Therefore, between 1980 and 2004, well over a hundred items that I wrote (brief reports, book reviews, occasional lectures, magazine and journal articles, book chapters, a thesis, a dissertation, a book and such) principally relate to Ellen White and her symbiotic relationship with the Seventh-day Adventist Church.

In another blog I will offer an overview of some of the documents I wrote between 1980 and 2004. Later, in yet another blog, I’ll address the period from 2005 to the present.

Arthur Patrick, 8 November 2011

Post 18, Poetry and Religion: Josef Greig, Henry Lawson, John Donne and More

Graeme Sharrock epitomises something that is so good about the Divinity School of the University of Chicago. Oh yes, he is passionate about “religion” in the widest sense. Or should that be faith? Or the “Divinity” that is implied in the name of “his” part of the University of Chicago? Or all of the above and much, much more?

For over a quarter-century Graeme has been a “people-helper” in Chicago, listening to human beings in distress and journeying with them in their search for meaning. But he is as omnivorous as the Divinity School: he is “into” literature, social science, photography, as well as theology, history, and poetry. Why mention Graeme Sharrock in a blog about Adventist Studies?

Because Graeme is well along in writing a PhD dissertation about Ellen White and her “testimonies.” How does this genre of writing resonate with American culture in the mid-nineteenth century? What form does it adopt and develop? To whom are the testimonies addressed? When I read his draft of a chapter on this theme for “The Ellen White Project” (see the earlier blog about that subject) I was thrilled by its insights. Now I hope that Graeme will let me read and review his dissertation on the testimonies, when it is complete.

But the real reason why I am hurrying off this blog on a glorious Spring morning is that in an e-mail just received from Graeme, he has alerted me (and others) to a website (http://spectrummagazine.org/blog/2011/11/04/day-break-jabbok-talking-myself) that makes available some of the poetry written by Dr A. Josef Greig, not long retired as a professor of Old Testament at Andrews University in Berrien Springs, Michigan.
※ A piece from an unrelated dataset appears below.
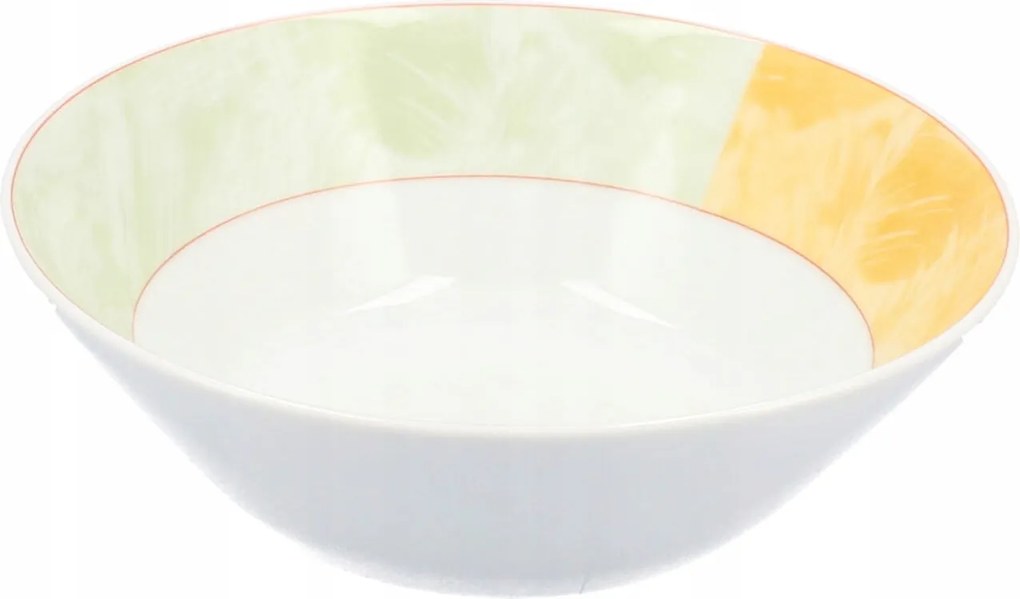 Lubiana Trapo Saláta tálaló Kerek Tál Ételhez, 18,5 cm Zöld Levél Minta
Some of my readers will remember Joe as an insightful member of the Adventist Society for Religious Studies, as a writer of articles (not least in Spectrum), and as a teacher capable of thinking outside the square. During all the years that I have known Joe and cherished his biblical exegesis, I was unaware of his skill with poetry.

Anyway, I have just read Greig’s fourteen verses entitled “Day Break on the Jabbock: Talking to Myself.” It starts this way:

I am an old man now, beyond three score years 
and ten, if that counts for anything. Have I not 
entered the circle of the wise? I can take my hand 
off my mouth and speak. I have a history with God.
 The journey was first paternal, then stormy, 
at last seismic. The model that I first took 
for God was my earthly father. He was loving,
 dependable, fair, faithful, self-sacrificing, 
though not a professed believer; a difficult 
act for God to follow. I would not have been
 so disappointed had the roles been reversed.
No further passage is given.